471700 A Method to Screen Nanoporous Catalysts for Transition-State Selectivity

Thursday, November 17, 2016: 9:30 AM
Imperial B (Hilton San Francisco Union Square)
Peng Bai, Department of Chemical Engineering and Materials Science, University of Minnesota, Minneapolis, MN and Matthew Neurock, Department of Chemical Engineering & Materials Science, University of Minnesota, Minneapolis, MN

3-dimensional nanoporous materials such as zeolites and metal-organic frameworks are used as catalysts for some of the most important industrial chemical reactions. The unique ability of these materials to selectively promote certain transformations originates from the subtle (mis)match between structures of the catalyst frameworks and those of the reacting species, and is usually classified into reactant, product, and transition-state selectivity.

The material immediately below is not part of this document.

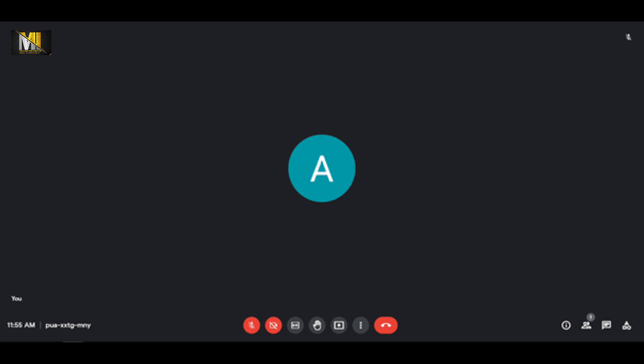We'll ask some React questions also. First of all, rate yourself in React out of 10. Five out of 10. Fine, so we'll ask you some questions about React.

While the first two types have been successfully studied or even predicted at a large scale using Monte Carlo and molecular dynamics methods, analyzing transition-state selectivity requires much more computationally expensive quantum chemical techniques, and is limited to examination of a few sites on a case-by-case basis. Drawing on our findings from investigating zeolite-catalyzed reactions involved in catalytic cracking, we introduce a method based on the configurational-bias Monte Carlo algorithms that allows us to sample transition-state structures over the entire pore space of a material, and show that it is able to yield energies in good correlation with those obtained by density-functional theory calculations. The low-energy configurations identified in the sampling procedure can optionally be refined automatically for better accuracy via higher-level calculations. This method is easily applicable to long-chain molecules with large numbers of conformational degrees of freedom, for which current quantum chemical techniques can be very challenging to use. In addition, it also allows us to screen known zeolite structures for the wide array of different reactions involved in energy conversion processes.